Perhaps I'm misguided in doing what I'm doing, but I'm strongly of the
opinion that sometimes it's a good idea to try things out as even if
you don't get a usable "product" at the end, frequently you learn stuff
during the  journey which is useful. Especially "non-book" style
knowledge.

Cheers,

Ross-c

Ross Clement (Email address invalid - do not use) wrote:
..
> (ii) I am very interested in looking at the analysis and resynthesis of > voice in the long term. I *believe* that additive synthesis would be a > good way of doing this. Frequency domain synthesis is a far quicker way > of doing additive synthesisers which use many, many partials.

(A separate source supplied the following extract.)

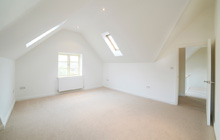 North Featherstone bedroom extension leads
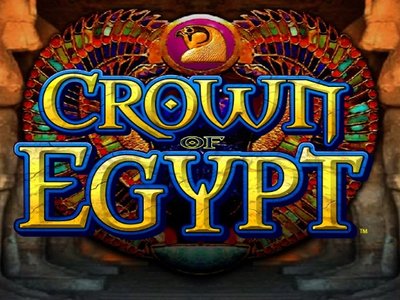 Crown of Egypt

.. You will want to check out the "FFT-1" technique described here: http://www.cnmat.berkeley.edu/~adrian/FFT-1/FFT-1_ICSPAT.html But note, Ircam patented it. Richard Dobson
In article <1136557854.000028.168040@g47g2000cwa.googlegroups.com>,
Ross Clement (Email address invalid - do not use) <clemenr@wmin.ac.uk> wrote:
>I was greatly interested in a thread a short while ago on performing >music-orientated audio synthesis in the frequency domain. > >Initially I was confused about the low frequency accuracy of the >resynthesis. E.g. to keep the latency down to 1/50th of a second you'd >need a window size of 1/100th of a second. For the purpose of argument, >assume that I'm going to synthesise a single sinewave of 325hz. If I >follow the advice of one of the papers I'd create the spectrum for the >current window by finding the bin with a centre frequency closest to >325hz and assign it a complex frequency corresponding to the correct >magnitude and phase. But when I perform an inverse fft on this >spectrum, I get a sinewave at the bin's centre frequency. ...

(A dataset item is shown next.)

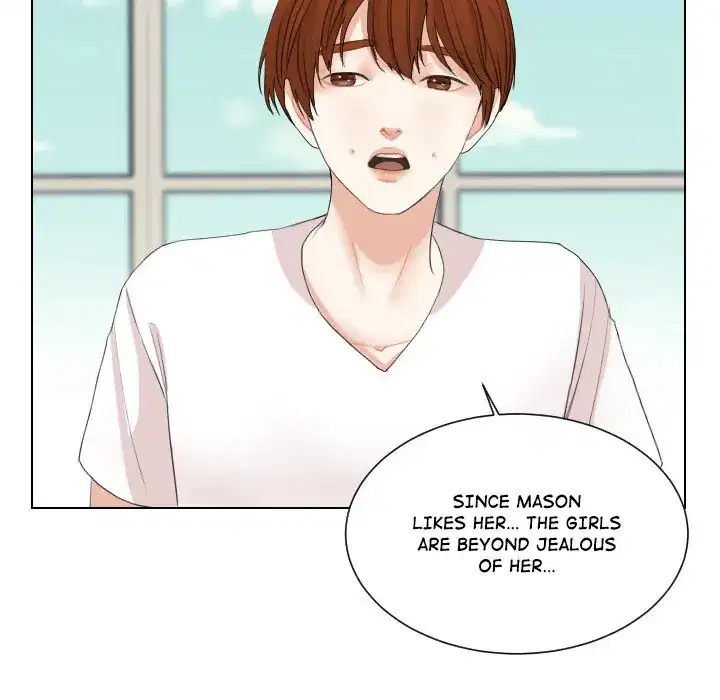 Unrequited Love (official) Chapter 63 - page 62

You could try using longer FFT windows to get higher frequency resolution, but use only a small slice of each window to keep latency down. Note then that the phase changes will correspond to the slice size, not the FFT window size. For non-bin-centered frequencies, you might also want to experiment with assigning both adjacent bins their corresponding complex frequencies for synthesis. The "leakage" bin energy might help smooth your window join. IMHO. YMMV. -- Ron Nicholson rhn AT nicholson DOT com http://www.nicholson.com/rhn/ #include <canonical.disclaimer> // only my own opinions, etc.
Ross Clement (Email address invalid - do not use) wrote in message
<1136644370.031260.88500@g47g2000cwa.googlegroups.com>...

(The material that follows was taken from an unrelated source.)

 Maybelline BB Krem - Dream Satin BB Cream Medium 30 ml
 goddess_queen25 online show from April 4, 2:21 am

>(ii) I am very interested in looking at the analysis and resynthesis of >voice in the long term. I *believe* that additive synthesis would be a >good way of doing this. Frequency domain synthesis is a far quicker way >of doing additive synthesisers which use many, many partials.
Hi Ross, By "far quicker" do you mean "lower CPU?" - I ask because I suspect that frequency domain synthesis will give you higher latency than using time domain additive synthesis - unless you do extreme overlapping in which case the CPU cost will shoot up! Have you considered running at a lower sample rate (e.g. 11025 samples per second) and interpolating by a factor of four using polyphase filters. If you are using additive synthesis you should be aware that most real world sounds have the majority of their sinusoidal components < 5KHz and above that you are probably (computationally) cheaper using noise modelling. Note too that you need to be really careful synthesising each sinusoid with time domain additive synthesis - my application uses a wavetable holding a single cycle of a sinusoid however I originally came unstuck as casting a float to an int (from phase to index) is really expensive on a Pentium (to do with flushing the pipeline) however if you use the function "lrintf" instead of a simple cast this avoids the pipeline flush and gives a major performance improvement. HTH Fraser.